Metingen van intracellulair Ca ²⁺ Concentraties veroorzaakt door ENP's

De fytoplanktoncellen werden vervolgens gedurende 60 minuten geladen met een Fluo-4AM-kleurstof (1 mM) (Kd =-335 nM, λEx = 494 nm en λEm = 506 nm, ThermoFisher, CA, VS). Na het laden van de kleurstof werden de fytoplanktoncellen gespoeld, geïncubeerd met L1-medium en behandeld met de 1 mg/ml TiO₂ , SiO₂ , en CeO₂ respectievelijk. Alle calciumsignaleringsexperimenten werden uitgevoerd op een Nikon-microscoop (Nikon Eclipse TE2000-U, Tokyo, Japan). Protocol en voorwaarden zijn aangepast van eerdere publicaties [31, 34].

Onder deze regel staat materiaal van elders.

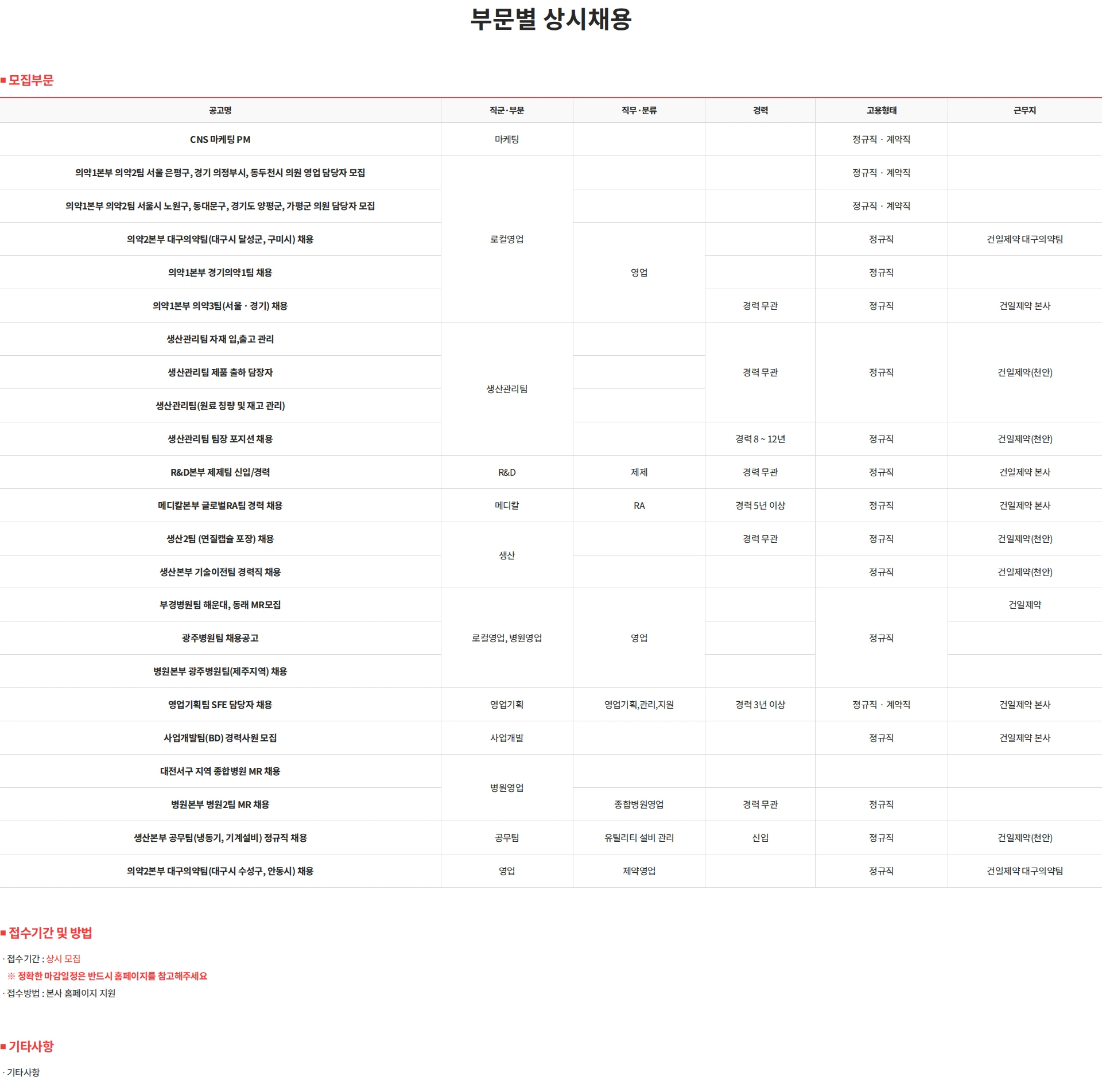 건일제약 부문별 상시채용 채용공고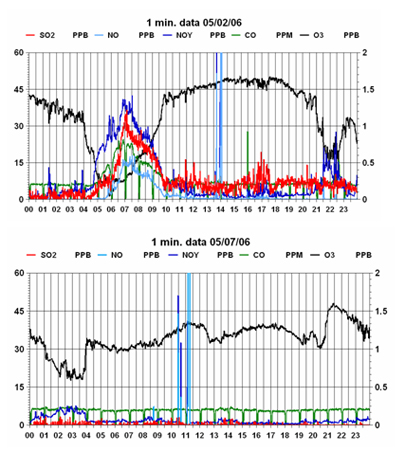 Data chart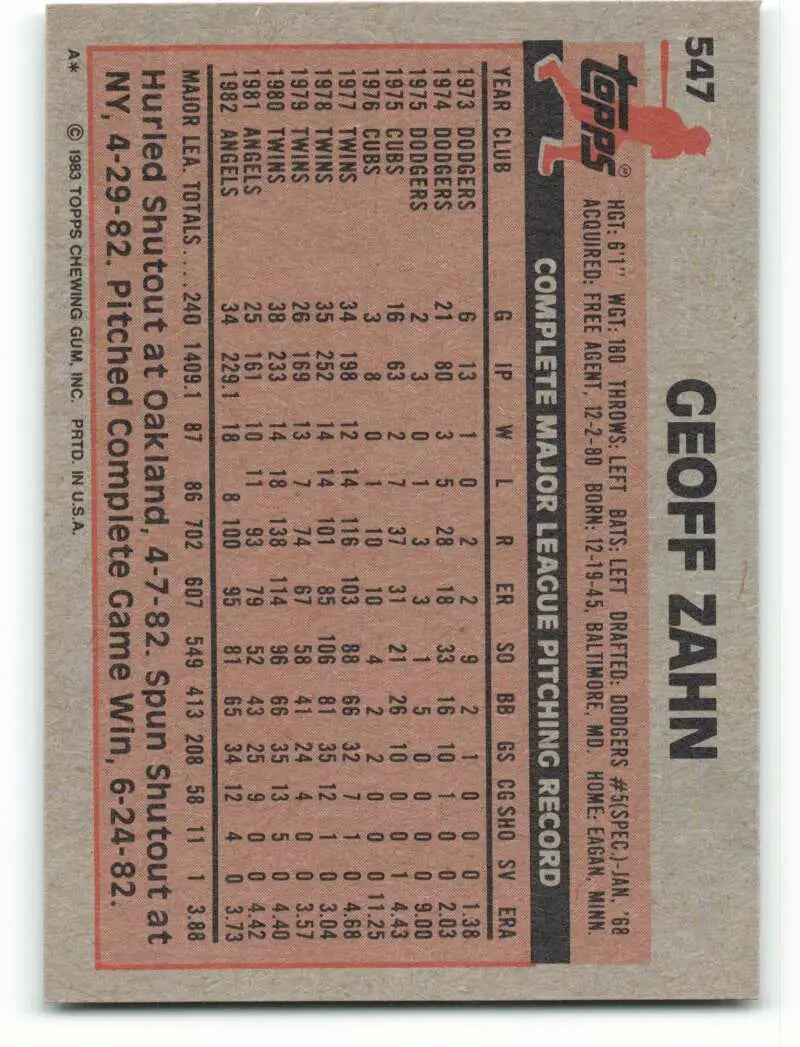 1983 Topps #547 Geoff Zahn EX Excellent California Angels Baseball Card - Baseball Card Single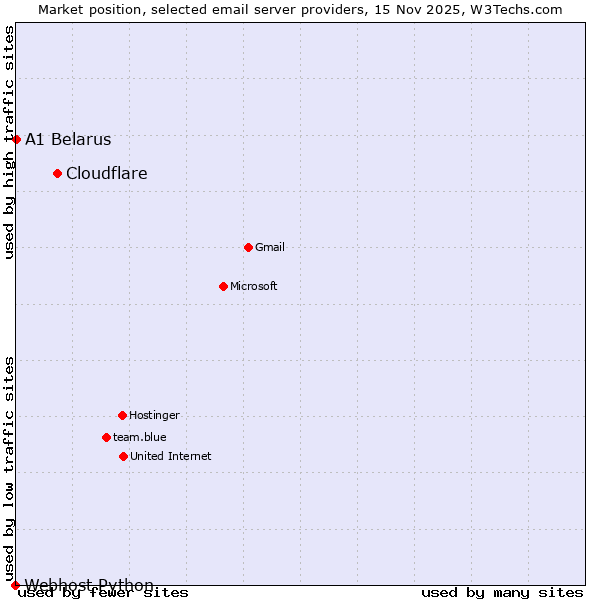 Market position of Cloudflare vs. A1 Belarus vs. Webhost Python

Zetapotentieel van ENP-meting

Om de oppervlakteladingen van ENP's te meten, werd de zeta-potentiaal (ζ) van ENP's gemeten met een Zetasizer Nano ZS, Malvern, in aanwezigheid van kunstmatig zeewater van 25 ° C. Nadat de gegevens van elk monster waren verzameld, werden de geregistreerde waarden gemiddeld.

Statistische analyse

De gegevens worden gerapporteerd als gemiddelden ± SD. Elk experiment werd ten minste drie keer onafhankelijk uitgevoerd. Histogrammen zijn gemaakt door GraphPad Prism 6.0. (GraphPad Software, Inc., San Diego, CA, VS).